This guide aims to outline Datameer backup and HDFS disaster recovery best practices for typical Datameer implementations. Topics covered include the backup of Datameer's database and local artifacts, as well as supplying Hadoop distribution specific documentation for best practices.
What is Disaster Recovery?
Disaster recovery (DR) involves a set of policies and procedures to enable the recovery or continuation of vital technology infrastructure and systems following a natural or human-induced disaster. Disaster recovery focuses on the IT or technology systems supporting critical business functions.
A full description of Disaster Recovery is available on Wikipedia.
Protecting Datameer from a Disaster
What to protect
Configuration files, JARs and custom plug-ins
Datameer configuration files contain environment specific properties that significantly influence the application depending on the implementation. To ensure a quick return to service, they should be retained in a backup.
Configuration files can be found at <Datameer Home>/conf. Backup all files and subfolders.
JARs and custom plug-ins can be found in <Datameer Home>/etc. Backup all files and subfolders.
Datameer DAP database
A full backup of the application database allows you to recover from unexpected software or hardware failures when there is high possibility to lose large amounts of Datameer metadata. This is also a prerequisite for upgrades or moving the Datameer installation.
Default installations of Datameer include a MySQL DAP database. The database contains all metadata information relating to Datameer artifacts. Without this database, the product can't function.
Datameer artifacts are stored in the local filesystem when a job is run with the custom property:
das.execution-framework=Local. This is appropriate for certain usage scenarios, but it becomes necessary to back these files up.
- Backup <Datameer Home>/das-data
- Backup <Datameer Home>/data
- Backup <Datameer Home>/data
- Backup <Datameer Home>/data
Datameer application backup script
Datameer services prepared a backup script to assist backing up the Datameer application files.

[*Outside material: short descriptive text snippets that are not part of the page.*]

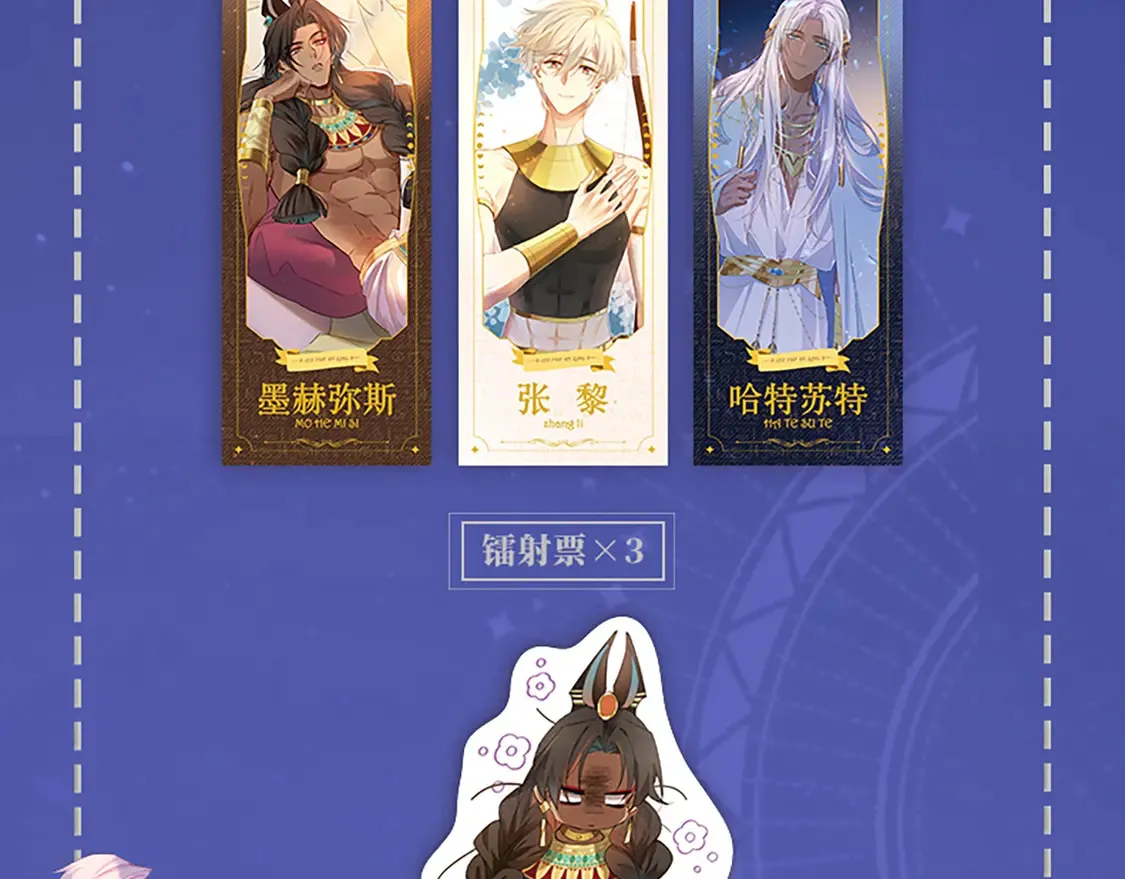 单行本第2册来啦！5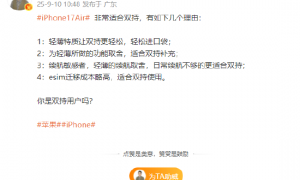 OPPO高管陈希谈苹果发布会:牙膏空管了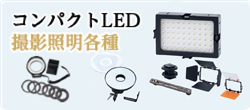 コンパクトLED
撮影照明各種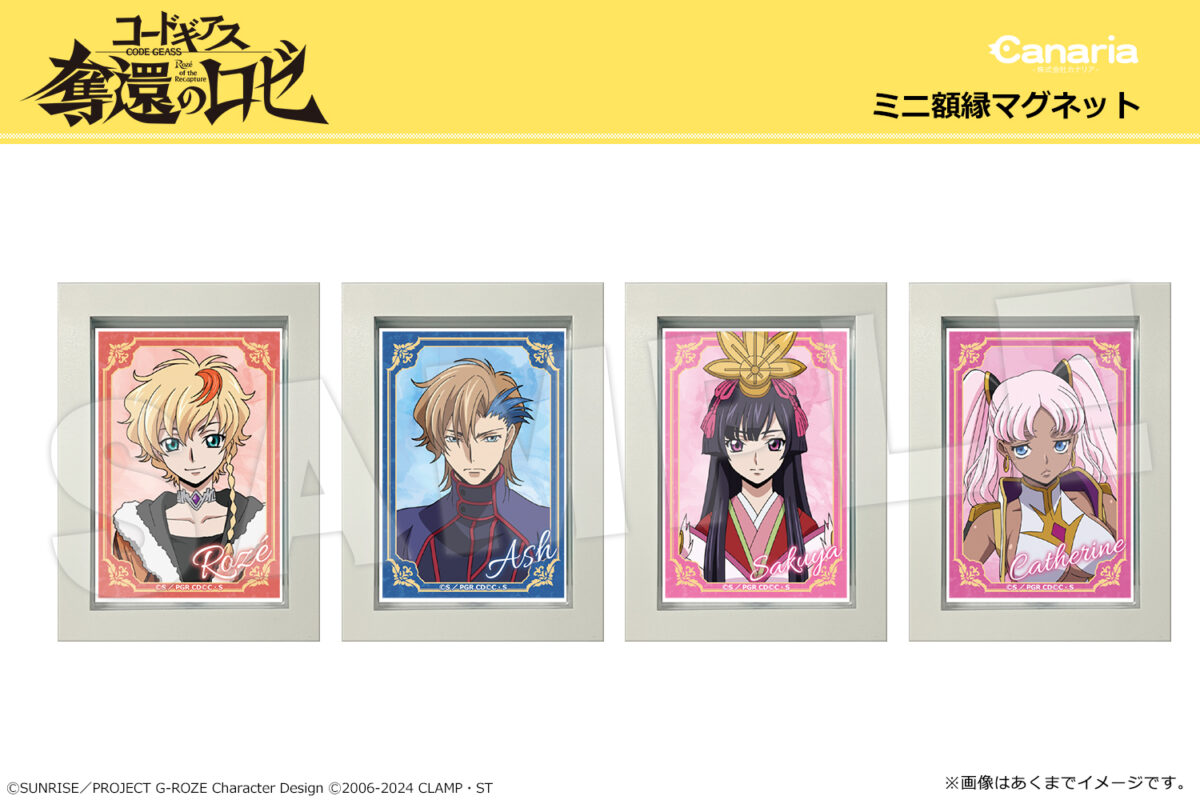 奪還のロゼ ロゼバースデー ミニキャラアクスタ 21個 カナリアより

It backs up the configuration files, local execution files, and the DAP database. Configuration is necessary within the script to specify the Datameer home folder location, MySQL location and credentials, backup folder location, HDFS backup, SCP backup, and retention policy.
Disaster Recovery for Each Hadoop Distribution (Protect the Datameer HDFS Private Folder)
Each Hadoop distribution has different tools available for protecting your data and recovering from a disaster in addition to the common DistCp and HDFS Snapshot tools built by Apache. Below is a summary for each distribution.
Available for all distributions
DistCp Version 2
DistCp Version 2 (distributed copy) is a tool used for large inter/intra-cluster copying. It uses MapReduce to effect its distribution, error handling and recovery, and reporting. It expands a list of files and directories into input to map tasks, each of which copies a partition of the files specified in the source list.
Apache documentation: DistCp Version 2
HDFS Snapshots are read-only point-in-time copies of the file system. Snapshots can be taken on a subtree of the file system or the entire file system. Some common use cases of snapshots are data backup, protection against user errors and disaster recovery.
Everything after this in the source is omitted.